Conditions treated frequently TCM methods fall into various fields like neurology (migraine, vertigo), dermatology (atopic dermatitis, psoriasis, acne), spine and joints, psychic disturbances (insomnia, sexuality, depression, fear), pulmonary diseases, ENT (tinnitus, hay fever), cardiology (hypertension, functional disturbancies), gastrointestinal disorders, gynecological diseases and many more.


Of course pregnancy requires special considerations. Most TCM treatments, however, are suitable for pregnant women.


The herb dosage will be adapted to the childīs age and body weight. It might be difficult for a child to take herbs in the form of an infusion. In such cases, a hydrophylic concentrate that is more neutral in taste can be prescribed. If a child is too young to tolerate needles, acupuncture treatment can still be performed using a soft laser to stimulate the points. In addition, ear acupuncture with seeds affixed to the external ear, instead of using needles, can be applied, thus avoiding any risk of infection.

Performance Improvement

Besides the treatment of complaints, an additional aspect deserves attention: personal performance. TCM addresses both physical and mental performance. High pressure in professional life with ongoing stress, possibly combined with significant burdens in the workplace or at home, coupled with minimal recovery times are wide spread phenomena of our Western lifestyle. High stress characterizes the lives of many top performers. In addition to the physical symptoms that might develop from such lifestyle, reduced performance can aggravate professional or private situations.

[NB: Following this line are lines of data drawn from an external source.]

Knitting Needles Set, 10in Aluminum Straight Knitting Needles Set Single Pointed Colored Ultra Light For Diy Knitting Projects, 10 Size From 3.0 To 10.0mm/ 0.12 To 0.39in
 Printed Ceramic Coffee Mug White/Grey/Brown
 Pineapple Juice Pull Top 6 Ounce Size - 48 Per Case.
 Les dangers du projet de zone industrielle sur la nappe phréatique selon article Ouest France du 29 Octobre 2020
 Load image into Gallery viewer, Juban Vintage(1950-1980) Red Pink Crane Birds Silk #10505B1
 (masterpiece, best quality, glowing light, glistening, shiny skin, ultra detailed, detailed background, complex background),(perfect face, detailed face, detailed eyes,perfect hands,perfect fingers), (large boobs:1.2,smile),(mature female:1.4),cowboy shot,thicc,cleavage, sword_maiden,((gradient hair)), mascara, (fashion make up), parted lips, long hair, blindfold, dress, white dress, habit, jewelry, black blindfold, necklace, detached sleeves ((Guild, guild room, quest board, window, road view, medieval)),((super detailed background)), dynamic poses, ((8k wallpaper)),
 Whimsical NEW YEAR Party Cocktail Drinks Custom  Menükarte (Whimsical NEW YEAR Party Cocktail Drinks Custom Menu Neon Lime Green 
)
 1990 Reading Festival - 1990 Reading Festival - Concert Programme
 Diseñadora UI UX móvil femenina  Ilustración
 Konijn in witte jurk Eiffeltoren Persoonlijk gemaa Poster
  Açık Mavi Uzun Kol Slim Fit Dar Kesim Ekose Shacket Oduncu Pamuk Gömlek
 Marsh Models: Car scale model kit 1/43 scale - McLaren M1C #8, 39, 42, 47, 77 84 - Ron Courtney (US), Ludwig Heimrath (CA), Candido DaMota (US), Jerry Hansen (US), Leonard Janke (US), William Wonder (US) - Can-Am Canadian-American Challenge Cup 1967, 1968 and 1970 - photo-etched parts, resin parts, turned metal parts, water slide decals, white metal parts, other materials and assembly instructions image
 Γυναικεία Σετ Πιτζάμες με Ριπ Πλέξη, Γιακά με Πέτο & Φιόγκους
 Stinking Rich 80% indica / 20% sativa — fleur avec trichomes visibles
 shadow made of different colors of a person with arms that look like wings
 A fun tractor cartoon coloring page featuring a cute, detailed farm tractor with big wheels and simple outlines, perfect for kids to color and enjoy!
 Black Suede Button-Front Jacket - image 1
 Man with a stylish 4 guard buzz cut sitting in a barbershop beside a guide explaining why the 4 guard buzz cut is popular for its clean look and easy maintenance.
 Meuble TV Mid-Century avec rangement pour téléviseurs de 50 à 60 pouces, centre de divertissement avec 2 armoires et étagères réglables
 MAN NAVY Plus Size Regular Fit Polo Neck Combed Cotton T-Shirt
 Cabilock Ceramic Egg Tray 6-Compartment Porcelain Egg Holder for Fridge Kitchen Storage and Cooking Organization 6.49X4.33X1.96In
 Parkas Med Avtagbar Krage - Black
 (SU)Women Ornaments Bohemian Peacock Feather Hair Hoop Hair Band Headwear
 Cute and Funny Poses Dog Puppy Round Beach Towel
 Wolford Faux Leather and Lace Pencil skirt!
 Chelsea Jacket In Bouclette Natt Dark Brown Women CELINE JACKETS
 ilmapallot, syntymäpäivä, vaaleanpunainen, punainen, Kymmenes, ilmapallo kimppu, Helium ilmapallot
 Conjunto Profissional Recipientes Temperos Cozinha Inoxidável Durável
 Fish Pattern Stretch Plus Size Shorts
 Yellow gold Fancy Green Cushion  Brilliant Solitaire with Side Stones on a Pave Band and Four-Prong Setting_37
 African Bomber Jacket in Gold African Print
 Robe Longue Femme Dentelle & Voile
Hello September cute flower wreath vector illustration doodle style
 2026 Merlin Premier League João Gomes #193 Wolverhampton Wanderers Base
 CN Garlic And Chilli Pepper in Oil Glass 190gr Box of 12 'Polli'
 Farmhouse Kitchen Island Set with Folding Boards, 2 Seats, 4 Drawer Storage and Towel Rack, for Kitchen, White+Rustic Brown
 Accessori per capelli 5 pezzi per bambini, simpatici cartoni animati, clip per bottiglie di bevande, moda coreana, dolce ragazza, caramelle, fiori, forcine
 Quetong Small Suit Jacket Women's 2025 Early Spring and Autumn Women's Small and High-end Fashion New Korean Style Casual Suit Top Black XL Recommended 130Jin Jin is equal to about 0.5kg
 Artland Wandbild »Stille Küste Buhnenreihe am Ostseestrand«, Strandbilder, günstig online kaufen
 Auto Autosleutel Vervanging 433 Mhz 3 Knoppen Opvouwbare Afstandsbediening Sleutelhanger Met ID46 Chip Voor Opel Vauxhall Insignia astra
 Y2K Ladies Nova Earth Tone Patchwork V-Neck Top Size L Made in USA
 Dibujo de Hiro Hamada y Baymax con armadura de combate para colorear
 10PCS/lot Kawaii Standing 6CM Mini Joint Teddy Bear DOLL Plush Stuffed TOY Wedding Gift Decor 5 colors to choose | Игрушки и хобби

Often it is not so much the persons concerned, but rather others in their professional and private surroundings that identify the initial symptoms like lack of concentration, reduced stress tolerance and irritability. Over time lassitude and a lack of drive can develop, possibly leading to full burn out syndrome. Too frequently, medical advice isnīt sought until pain symptoms are significant. These might include heartburn, headache or distending pain in the costal and hypochondriac regions.

Because in TCM physical and mental health are inextricably linked, TCM offers an excellent approach to improving performance. The growing awareness of this situation is, by the way, an interesting parallel to the attitude in ancient China, where prevention was the more prominent aspect of TCM as compared to treatment.